Esse é o jargão de Wilson das Neves

Ô sorte!

Esse é o jargão de Wilson das Neves.
Ele me revelou ao pé do ouvido que as pessoas confundem a quem ou a que ele se refere essa tal sorte. “Isso é pra ‘eles’” apontando as estrelas da noite, uma saudação aos tais orixás cubanos.
Ele se referia à plêiade de deus africanos da linha de candomblé da qual ele faz parte. Orixás do sincronismo africano que ganharam outros nomes herdados.
“O sábio olha pra lua” eu disse, “o too olha pro dedo”.
Afirmo muitas coisas aqui, dentre elas que Wilson é um homem religioso. Fiel ao seu deus, e crédulo naquilo em que crê.
Ele profere seu ritualístico “Ô Sorte!” olhando pro céu, agradecendo e bendizendo aqueles que o iluminam.

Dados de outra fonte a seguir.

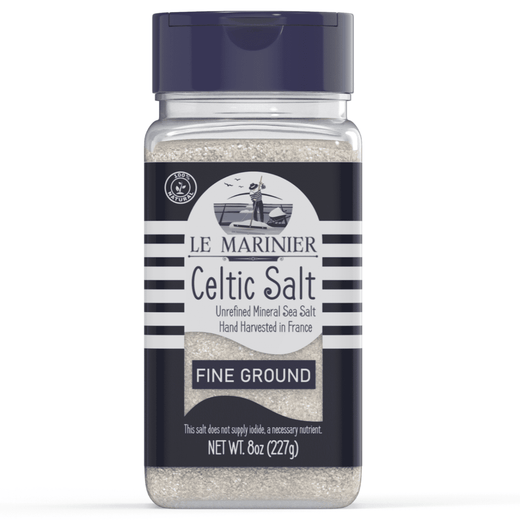 Le Marinier Celtic Salt Fine Ground, 8oz. Mineral Rich 100% Natural and Unrefined. Refillable Salt Shaker. Sea Salt Organic with Vital Minerals. Hand Harvested Fine Sea Salt (8oz Fine Ground)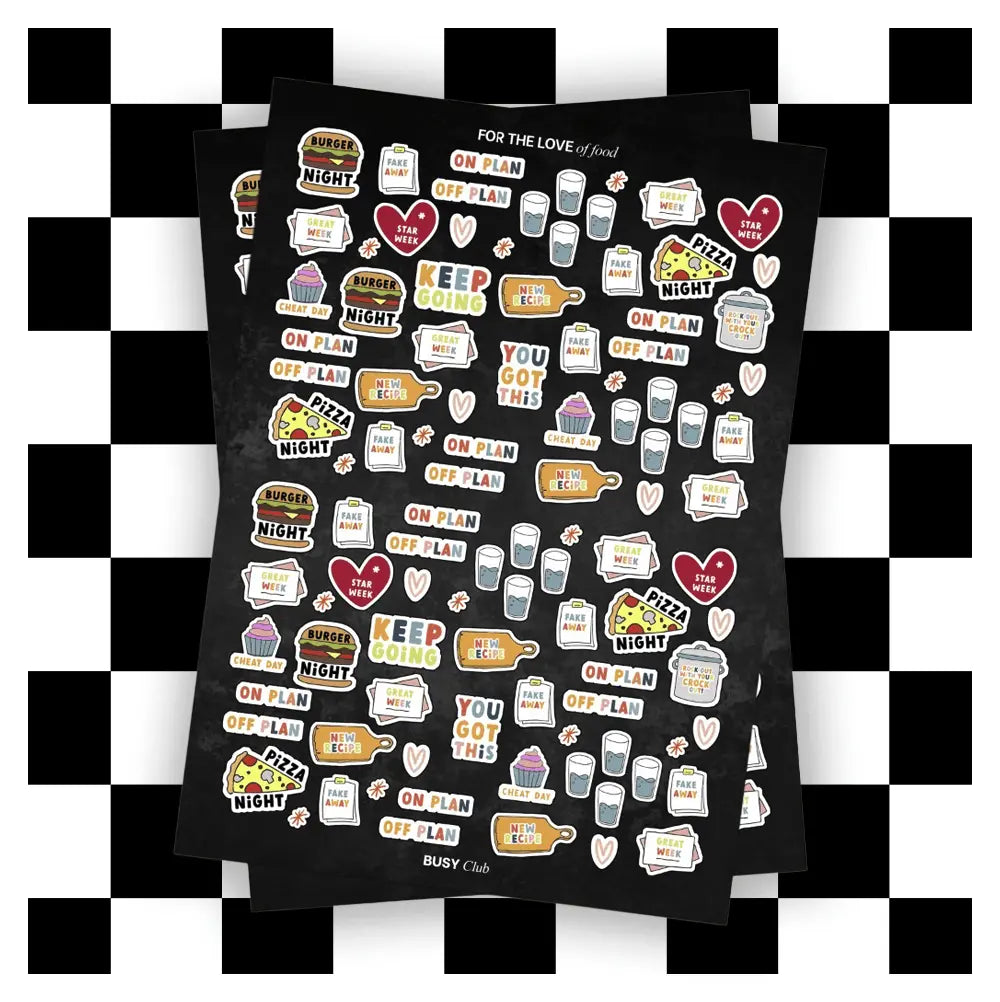 Sticker sheets on a checkered background.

Quando completou meio século de idade, comemorou seu cinquentenário no Clube. [Renascença, no bairro Flamengo.
O Renascença é um clube tradicional de samba onde entrevistamos o Moacyr Cruz, aglutinador de bambas e parceiro de composição de Wilson ele dirigia o clube, nessa temporada.]

Voltando a história vinte anos, o clube já existia, e Wilson comera seus cinquenta anos lá.
Muito animada, uma amiga que com ele gravou diversas canções, a Elza Soares, vai à frente (pois lá não tem palco) e “canta a noite inteira” palavras do próprio Wilson.
Em seguida aparece um jovem que já fazia sucesso, Chico Buarque, e canta em sua homenagem, para agradar a todos.
Então, eis que acontece o inesperado. Às cinco horas da madrugada alguém que não estava entre os convidados vai à frente e desembrulha com sua voz potente de tenor, entre as mais fortes e eloquentes do país “Conceição...! vivia à toa no morro...”
Cauby Peixoto, nada mais nada menos.
Uma voz de transgressor.
Encerramento triunfal.

Então eu reafirmo, senhor Wilson é um homem muito bom.
Ele segue a vida tranquilo, colhendo o beneficio de ter sido espera simplesmente o que será o vir-á-ser.
E eu sinceramente, digo, que ele merecia mais por isso. Merecia ser lembrado como um dos instrumentistas mais geniais do Brasil.
Seu filho prodigo, Alexandre, morreu num desastre carro imprevisto. Mais um vacilo da policia do Rio que, na linha vermelha (avenida que liga a Ilha do Governador ao centro do Rio) mandou-o parar sua caminhonete e ele não conseguiu. Deslizou e capotou duas vezes seguidas. Meus pêsames senhor Wilson, meu amigo, quiséramos não relembrar.
mas eis que o nosso caro Alexandre Segundo cumpriu um grande compromisso nessa viagem ao Rio, em janeiro de 2007, sendo também filho e grande admirador do velho Das Neves, amigo e companheiro, e irmão mais velho quando me faltaram conselhos.
Devo agradecer, Alexandre, por proporcionar a chance de vivermos essa experiência mais do que uma simples pré-produção de algo. O que fazem agora para esse tal documentário, com luzes e maquiagem, é o que fizemos “no peito e na raça”.
Mas vou deixar os agradecimentos pro final, se é que essa história termina.